Our multithreaded program is using cvm library built on Intel MKL. We observed that
when we increased the number of running threads, the program spent
more time on locking/unlocking. We are using pthread and we are not using OpenMP. We got hot spots from VTune. The
test machine has 8 cores and our program uses 1 thread for main(), 1 loading
thread and several computation threads (using MKL). We got the best performance when we used 4 computation threads. Once we increased number of
computation threads over 4 the performance began to degrade and
"__lll_unlock_wake" and "__lll_lock_wait" became top 2 hot spots. The
data inputted into computation threads were independent from each
other. We also tried on a dummy thread function instead of using MKL,
just doing sqrt() in a loop to make sure we had long enough computation
time. We didn't see "__lll_unlock_wake" and "__lll_lock_wait" from the
dummy function. We were told by the author of cvm library
that the locking/unlocking functions came from MKL. Why does the performance degrade before number of logic threads reaches the number of physic cores? How does MKL use locking/unlocking in multithreaded function? Is there any limitation on number of threads and/or cache? How can we optimize MKL configuration for multithreaded program?
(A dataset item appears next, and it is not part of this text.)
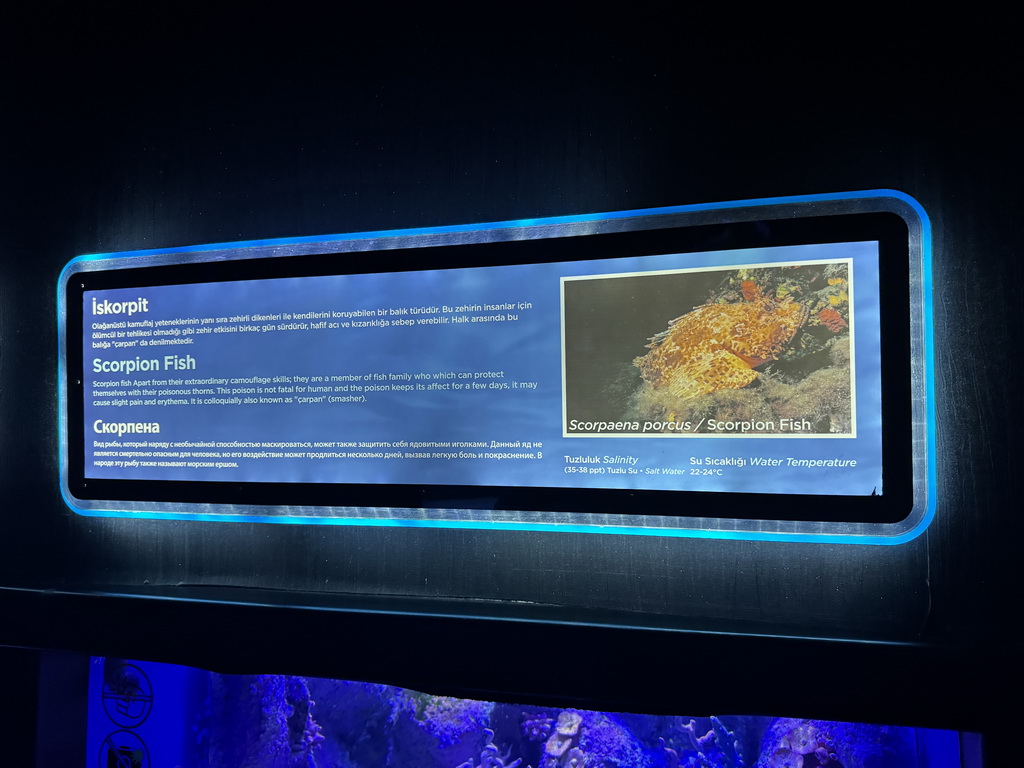 Explanation on the Scorpion Fish at the First Floor of the Aquarium at the Antalya Aquarium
If you are running individual pthreads on a majority of the cores, it's unlikely that you would find threaded MKL running as well as the "sequential." If you do have enough cores available to accommodate both your pthreads and the MKL threads, you will likely run into random affinity conflicts, thus continuing to see excessive lock activity. I've been told that you should be able to bring your linux pthreads under the control of KMP_AFFINITY e.g. by setting up a tiny OpenMP parallel region and calling omp_get_num_threads. This would enable you to spread out your pthreads and MKL OpenMP threads.
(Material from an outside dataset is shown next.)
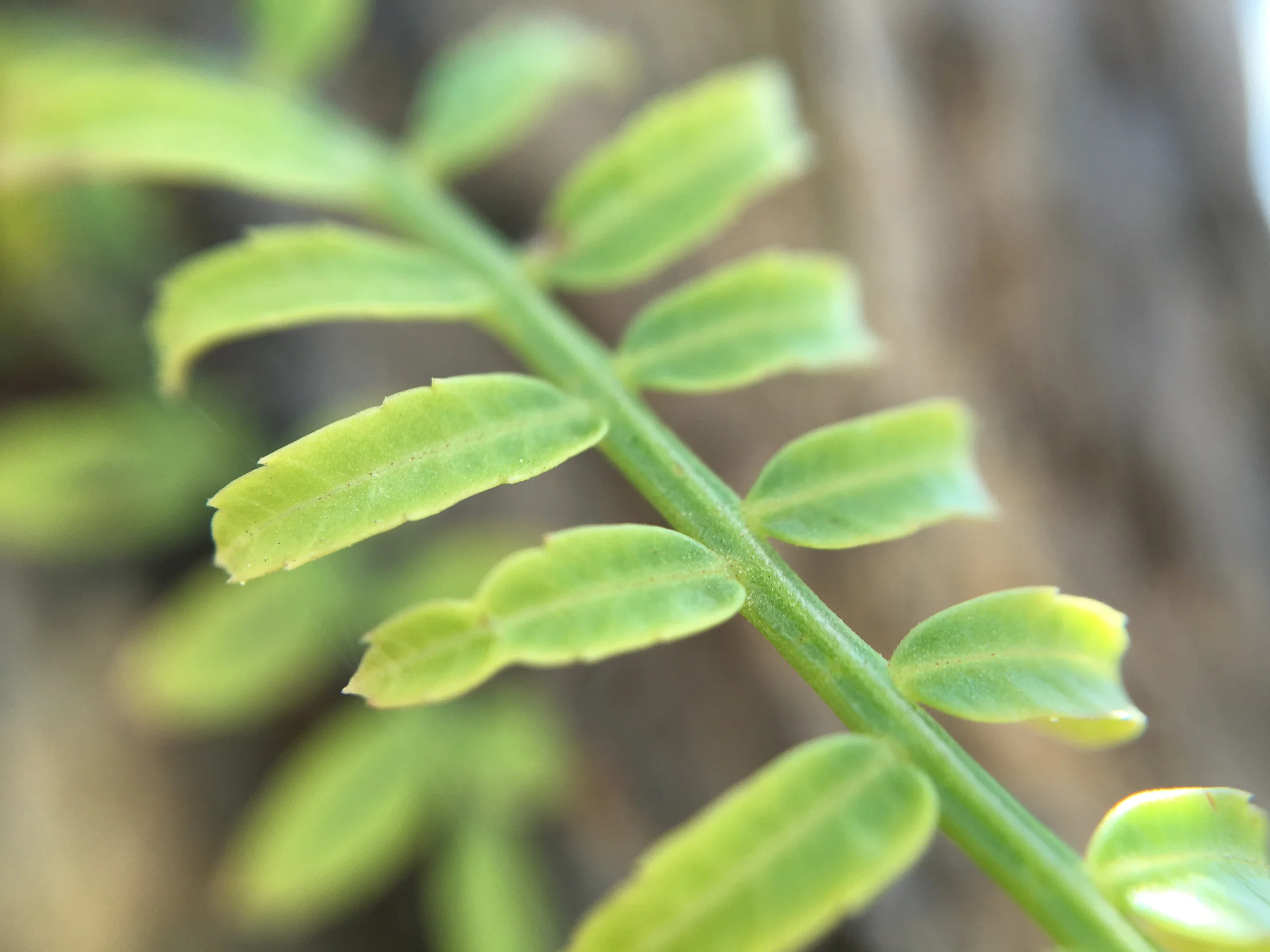 10x zoom - 1cm piece. Great quality from the camera - getting closer and closer to professional camera quality.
Thank you very much for your response. I have changed those parameters in many combinations but I have not seen any improvement on the performance. Could you pleasesend me an example on how to avoid random affinity conflicts?
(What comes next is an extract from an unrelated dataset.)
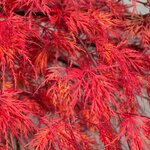 Acer palmatum Emerald Lace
It is my understanding that if you are calling MKL in an OpenMP threaded region MKL will revert to single-threading as nested threading is off. This is certainly what I see.
That is , on a 4 core machine, I only ever see my 4 (omp) threads running when my OpenMP code is calling MKL functions. Outside OpenMP threaded regions, I see 4 threads when calling MKL, as MKL is starting it's own threads.